Urs Fischer Untitled (Bear/Lamp), Seagram Plaza


The steel and bronze Seagram Building (1958) by architect Ludwig Mies van der Rohe (1886-1969) at the corner of E. 52nd and Park Ave, set back from Park Avenue behind sleek fountains, stands as a paradigm for the well-made modern glass office building. Sleek, soaring, and minimalist, clad in bronze and glass, the building recalls the type of structure that the architect envisioned for Berlin in the 1920s. Along with Philip Johnson, who was responsible for the interiors, the Seagram influenced many copy-cats, but few were as successful in sensitivity to site or design. The building introduced the modern plaza, a space still frequented by midtown workers during pleasant weather.
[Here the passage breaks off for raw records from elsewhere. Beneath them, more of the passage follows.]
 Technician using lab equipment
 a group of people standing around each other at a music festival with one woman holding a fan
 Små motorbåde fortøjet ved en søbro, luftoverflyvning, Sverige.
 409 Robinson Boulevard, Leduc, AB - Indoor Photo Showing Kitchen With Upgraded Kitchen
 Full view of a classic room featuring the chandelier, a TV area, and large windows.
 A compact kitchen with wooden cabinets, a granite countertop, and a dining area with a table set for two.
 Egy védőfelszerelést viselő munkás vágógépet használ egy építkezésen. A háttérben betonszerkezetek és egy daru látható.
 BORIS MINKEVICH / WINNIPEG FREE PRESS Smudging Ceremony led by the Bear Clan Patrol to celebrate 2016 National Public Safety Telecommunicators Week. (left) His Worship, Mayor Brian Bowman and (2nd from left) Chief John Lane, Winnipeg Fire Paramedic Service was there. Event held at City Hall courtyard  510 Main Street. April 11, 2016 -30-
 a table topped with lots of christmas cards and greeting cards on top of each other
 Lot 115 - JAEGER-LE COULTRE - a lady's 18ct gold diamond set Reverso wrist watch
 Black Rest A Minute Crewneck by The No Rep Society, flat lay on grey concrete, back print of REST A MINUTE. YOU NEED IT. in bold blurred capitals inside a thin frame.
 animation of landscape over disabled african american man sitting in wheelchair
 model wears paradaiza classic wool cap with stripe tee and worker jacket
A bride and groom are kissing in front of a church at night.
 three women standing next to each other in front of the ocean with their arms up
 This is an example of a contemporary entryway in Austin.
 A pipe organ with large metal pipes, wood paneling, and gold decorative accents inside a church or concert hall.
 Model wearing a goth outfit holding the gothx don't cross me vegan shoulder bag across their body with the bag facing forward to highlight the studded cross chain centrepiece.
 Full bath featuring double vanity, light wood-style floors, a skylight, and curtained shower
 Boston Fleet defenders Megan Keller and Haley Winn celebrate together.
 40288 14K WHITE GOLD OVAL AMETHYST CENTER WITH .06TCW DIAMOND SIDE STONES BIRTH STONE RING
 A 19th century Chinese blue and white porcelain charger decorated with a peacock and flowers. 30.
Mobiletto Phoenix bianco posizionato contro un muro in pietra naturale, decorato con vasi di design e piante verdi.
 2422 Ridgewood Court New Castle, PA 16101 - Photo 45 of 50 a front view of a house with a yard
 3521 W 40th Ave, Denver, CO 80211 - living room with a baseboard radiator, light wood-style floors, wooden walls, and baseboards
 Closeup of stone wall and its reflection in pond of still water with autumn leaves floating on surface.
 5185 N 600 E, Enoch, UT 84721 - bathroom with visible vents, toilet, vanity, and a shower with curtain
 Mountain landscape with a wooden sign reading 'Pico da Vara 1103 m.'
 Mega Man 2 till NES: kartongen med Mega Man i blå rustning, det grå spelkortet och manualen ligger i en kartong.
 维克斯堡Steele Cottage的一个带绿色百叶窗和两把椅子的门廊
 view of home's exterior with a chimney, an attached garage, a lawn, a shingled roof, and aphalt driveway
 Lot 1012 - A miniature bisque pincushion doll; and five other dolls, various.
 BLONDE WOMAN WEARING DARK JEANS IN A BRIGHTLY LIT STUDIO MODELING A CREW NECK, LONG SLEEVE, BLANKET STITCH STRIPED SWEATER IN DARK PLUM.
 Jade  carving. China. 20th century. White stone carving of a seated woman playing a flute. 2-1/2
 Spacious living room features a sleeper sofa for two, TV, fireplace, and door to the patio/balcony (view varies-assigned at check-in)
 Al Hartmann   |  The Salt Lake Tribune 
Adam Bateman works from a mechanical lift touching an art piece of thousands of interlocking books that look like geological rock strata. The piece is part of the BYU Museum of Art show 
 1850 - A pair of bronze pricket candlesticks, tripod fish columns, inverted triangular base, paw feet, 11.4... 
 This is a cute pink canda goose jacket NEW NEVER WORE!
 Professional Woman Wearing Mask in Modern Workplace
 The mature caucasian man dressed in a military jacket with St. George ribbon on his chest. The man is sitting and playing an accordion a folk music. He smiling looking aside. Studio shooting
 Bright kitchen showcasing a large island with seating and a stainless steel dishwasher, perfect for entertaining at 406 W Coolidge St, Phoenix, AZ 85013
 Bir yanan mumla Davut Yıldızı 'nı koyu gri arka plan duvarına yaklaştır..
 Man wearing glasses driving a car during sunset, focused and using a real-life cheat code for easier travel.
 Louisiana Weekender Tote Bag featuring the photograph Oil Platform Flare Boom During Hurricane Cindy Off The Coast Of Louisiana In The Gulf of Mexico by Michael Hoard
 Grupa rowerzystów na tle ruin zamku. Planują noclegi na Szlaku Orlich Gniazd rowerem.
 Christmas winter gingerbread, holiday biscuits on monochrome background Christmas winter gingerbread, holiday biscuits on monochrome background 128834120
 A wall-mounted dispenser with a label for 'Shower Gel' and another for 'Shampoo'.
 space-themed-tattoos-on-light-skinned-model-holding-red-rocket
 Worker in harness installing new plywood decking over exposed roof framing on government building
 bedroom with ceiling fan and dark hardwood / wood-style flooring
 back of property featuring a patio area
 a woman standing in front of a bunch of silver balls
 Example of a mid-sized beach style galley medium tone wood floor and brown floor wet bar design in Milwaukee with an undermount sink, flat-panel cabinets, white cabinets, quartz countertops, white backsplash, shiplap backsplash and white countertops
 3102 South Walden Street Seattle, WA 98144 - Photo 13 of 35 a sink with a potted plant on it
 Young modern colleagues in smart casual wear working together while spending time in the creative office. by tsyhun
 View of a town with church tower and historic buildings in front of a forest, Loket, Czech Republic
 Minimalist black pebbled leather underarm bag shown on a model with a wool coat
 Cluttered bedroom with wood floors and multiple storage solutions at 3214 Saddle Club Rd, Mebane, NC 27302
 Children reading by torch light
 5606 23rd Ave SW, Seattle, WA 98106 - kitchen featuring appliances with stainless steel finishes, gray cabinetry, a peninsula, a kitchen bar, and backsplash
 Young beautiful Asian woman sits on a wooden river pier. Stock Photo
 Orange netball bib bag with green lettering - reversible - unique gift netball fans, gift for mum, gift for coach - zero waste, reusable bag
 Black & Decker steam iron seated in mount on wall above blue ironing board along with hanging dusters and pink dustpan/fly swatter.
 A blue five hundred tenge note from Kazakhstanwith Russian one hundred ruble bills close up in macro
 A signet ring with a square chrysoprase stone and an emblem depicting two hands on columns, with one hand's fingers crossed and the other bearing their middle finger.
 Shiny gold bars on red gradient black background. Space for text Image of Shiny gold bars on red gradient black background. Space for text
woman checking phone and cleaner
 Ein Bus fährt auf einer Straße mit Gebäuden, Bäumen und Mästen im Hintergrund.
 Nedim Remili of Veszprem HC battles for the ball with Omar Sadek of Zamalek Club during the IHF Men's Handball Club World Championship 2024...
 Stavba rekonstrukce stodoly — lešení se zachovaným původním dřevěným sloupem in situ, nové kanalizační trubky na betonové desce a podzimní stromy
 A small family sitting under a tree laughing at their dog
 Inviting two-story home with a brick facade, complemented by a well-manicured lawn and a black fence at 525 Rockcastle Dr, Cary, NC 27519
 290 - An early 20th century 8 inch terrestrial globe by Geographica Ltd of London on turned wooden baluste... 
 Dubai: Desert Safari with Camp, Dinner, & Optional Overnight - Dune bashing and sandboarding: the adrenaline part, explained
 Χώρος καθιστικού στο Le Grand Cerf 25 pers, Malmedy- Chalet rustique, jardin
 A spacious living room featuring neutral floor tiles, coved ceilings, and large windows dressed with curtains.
Fischer Bear/Lamp, Seagram Plaza



Seagram Building, meet the bear. Starting officially today, Christie's is presenting the 23-foot tall Untitled (Lamp/Bear) (2005-2006) sculpture by Urs Fischer (b. 1973) to bring attention to its Post-War & Contemporary Evening Sale on May 11. The work is up for auction and expected to generate a lot of interest. The plan is for the work to remain in Seagram Plaza for five months, so let's get to know Urs and his bear. Urs, whose name means "bear" in Latin, drew upon his own teddy bear in creating the monumental work. It's a masterful work technically. A cast bronze exterior painted in yellow paint and lacquer covers a stainless steel interior support. The cuddly-looking bear defies its own materiality. Also, the bear leans against a table lamp, creating a charming informality. Importantly, the lamp actually functions, so the sculpture will take on a nice glow at night. The thing weighs 35,000 pounds, so Christie's partners at the Seagram Building had to shore up the plaza floor in order to support the big bear. This bear, like real bears, could crush and kill you.

Fischer Bear/Lamp, Seagram Plaza


In theory, there are few better places to site a sculpture of this stature, in terms of public spaces. The Street Life Project, a New York City Planning Commission study that began in 1969 to ascertain why some public spaces were consistently popular while others remained relatively empty, deemed the Seagram Plaza one of the city's great successes. The plaza attracted people to stop and sit down, to choose to mingle with friends or stay by themselves, to find a sunny or shady spot, depending on the weather, and to hang out and eat a sack lunch near the fountain. The elements that made Seagram Plaza successful and versatile were later incorporated into city guidelines for all new public spaces.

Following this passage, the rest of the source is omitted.